Yesus tidak merampas atau membungkam
kehendak bebas dan rasio manusia, Yesus
sebaliknya menolong kehendak bebas dan rasio manusia (para murid-Nya) dari
kebodohan dan ketakberdayaan, kala berhadapan dengan kebenaran yang teramat
megah, luhur dan kudus. Mari kita lihat sebuah
peristiwa yang memperlihatkan hal
ini sebagaimana dicatat oleh Injil Lukas
:
Lukas 24:44-45 “Ia berkata kepada mereka: "Inilah perkataan-Ku, yang telah Kukatakan kepadamu ketika Aku masih bersama-sama dengan kamu, yakni bahwa harus digenapi semua yang ada tertulis tentang Aku dalam kitab Taurat Musa dan kitab nabi-nabi dan kitab Mazmur. Lalu Ia membuka pikiran mereka, sehingga mereka mengerti Kitab Suci.”
Yesus sedang menjelaskan
semua hal yang harus digenapi, TENTANG
DIRI YESUS, sebagaimana tertulis dalam
kitab Taurat Musa dan kitab nabi-nabi
dan kitab Mazmur. APA YANG MENAKJUBKAN dari nas ini? Yang membuat saya takjub
bahwa Yesus tidak mengandalkan kecakapan-Nya dalam menyampaikan KEBENARAN, dan
DIA juga TIDAK MENGANDALKAN kemampuan nalar dan kehendak bebas para murid-Nya
untuk memutuskan apakah penjelasan Yesus
itu rasional atau tidak sehingga dapat dipahami! Apa yang Yesus lakukan adalah
: IA MEMBUKA
PIKIRAN MEREKA, SEHINGGA MEREKA MENGERTI KITAB SUCI!
Apa sih yang harus
mereka mengerti sehingga YESUS HARUS/MUTLAK PERLU MEMBUKA PIKIRAN MEREKA
terlebih dahulu? Inilah hal-hal yang tidak bisa tidak, perlu BANTUAN YESUS
dengan cara membuka pikiran mereka :
- Mesias harus menderita dan bangkit dari antara orang mati pada hari yang ketiga (Yohanes 24:46)

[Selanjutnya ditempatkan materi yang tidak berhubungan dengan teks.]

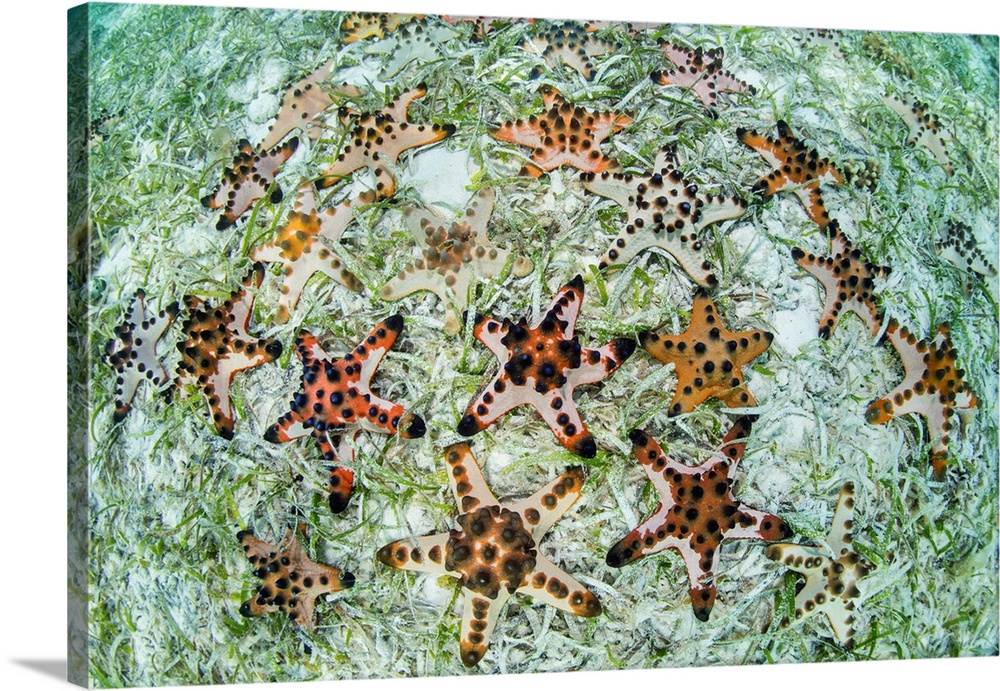 Colorful chocolate chip sea stars cover the seafloor in Wakatobi National Park.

- dalam nama-Nya berita tentang pertobatan dan pengampunan dosa harus disampaikan kepada segala bangsa, mulai dari Yerusalem (Yohanes 24:47)

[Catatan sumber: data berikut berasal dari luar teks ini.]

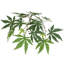 Arbre d’érable japonais en pot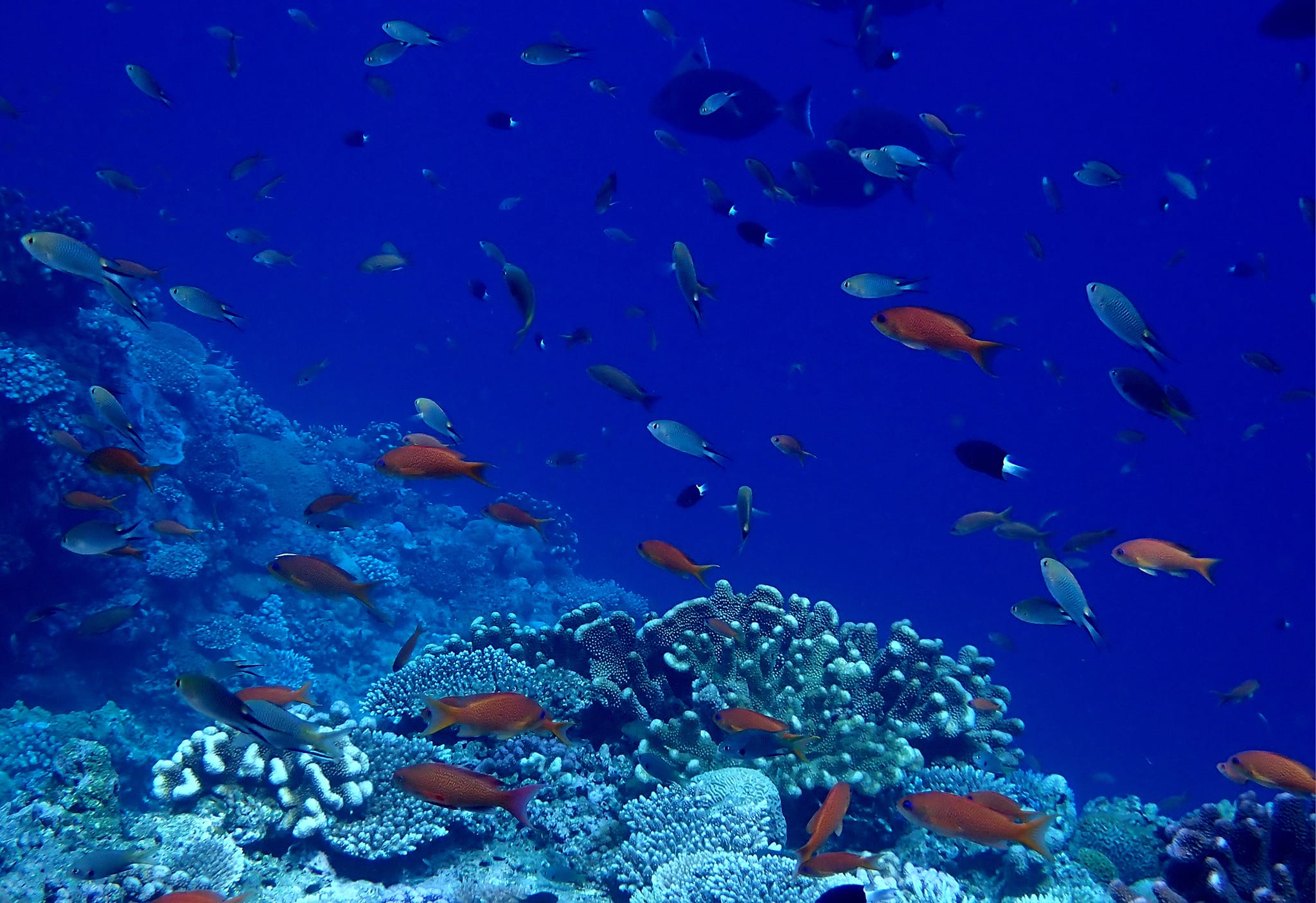 455448250_3238121952985970_2830255844643371623_n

Bukankah ini mengenai karya penebusan yang dikerjakan
oleh Yesus Kristus dan mengenai
pemberitaan Injil? Jika para murid tidak dapat mengandalkan kehendak bebas dan
kemampuan rasionalnya, SEBELUM TERLEBIH DAHULU DIBUKAKAN OLEH YESUS, bukankah terlebih lagi kita?

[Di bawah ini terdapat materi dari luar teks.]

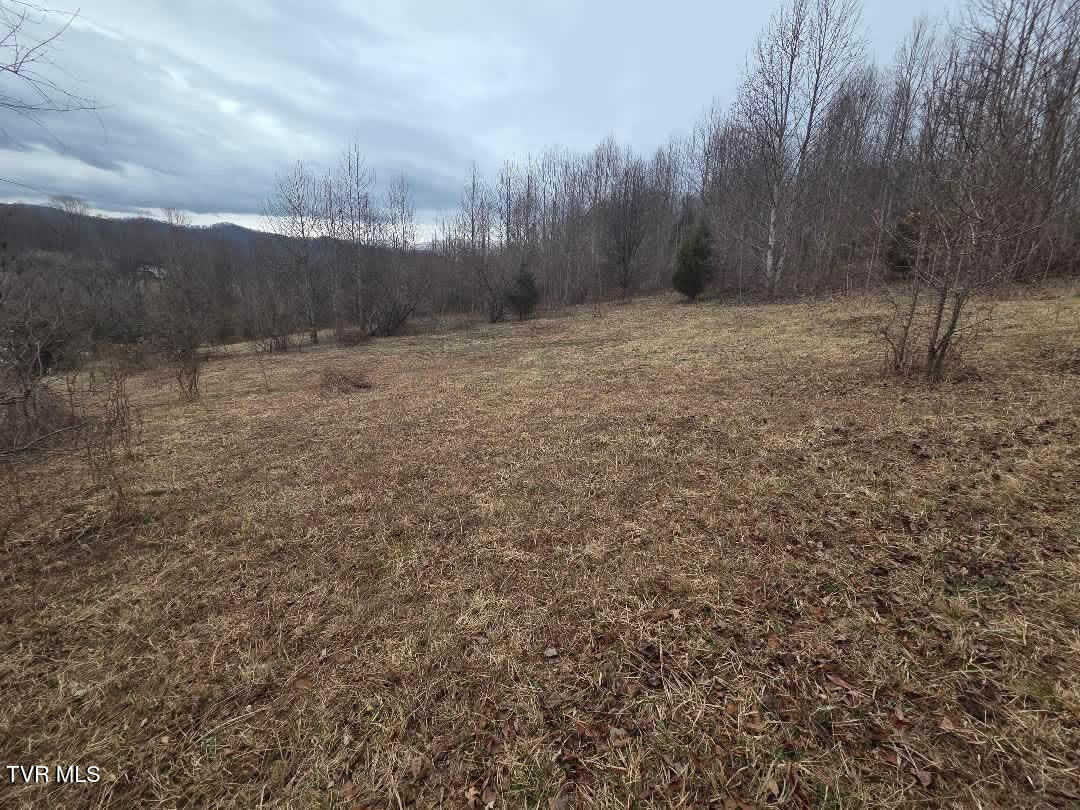 Tbd Tbd Lane, Unit 4 Unicoi, TN 37692 - Photo 16 of 20 15B6EB61-52EA-4B93-A571-C05FC8F9A50D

Dalam tindakan sepihak itu, Yesus tidak sekedar memberikan keyakinan dalam hati para murid, apalagi sebuah kemampuan untuk memahami pekerjaan Yesus yang tidak masuk akal, menggelikan di pandangan manusia. Yesus menyingkapkan selubung yang menutupi pengertian mereka (bandingkan perihal ini dengan Markus 14:12 “Jawab-Nya: "Kepadamu telah diberikan rahasia Kerajaan Allah, tetapi kepada orang-orang luar segala sesuatu disampaikan dalam perumpamaan, supaya: Sekalipun melihat, mereka tidak menanggap, sekalipun mendengar, mereka tidak mengerti, supaya mereka jangan berbalik dan mendapat ampun."). Kalau kita merujuk ke Yohanes 20:9, kita akan paham mengapa YESUS MEMBUKA PIKIRAN MEREKA, yaitu karena :” selama itu mereka belum mengerti isi Kitab Suci yang mengatakan, bahwa Ia harus bangkit dari antara orang mati.”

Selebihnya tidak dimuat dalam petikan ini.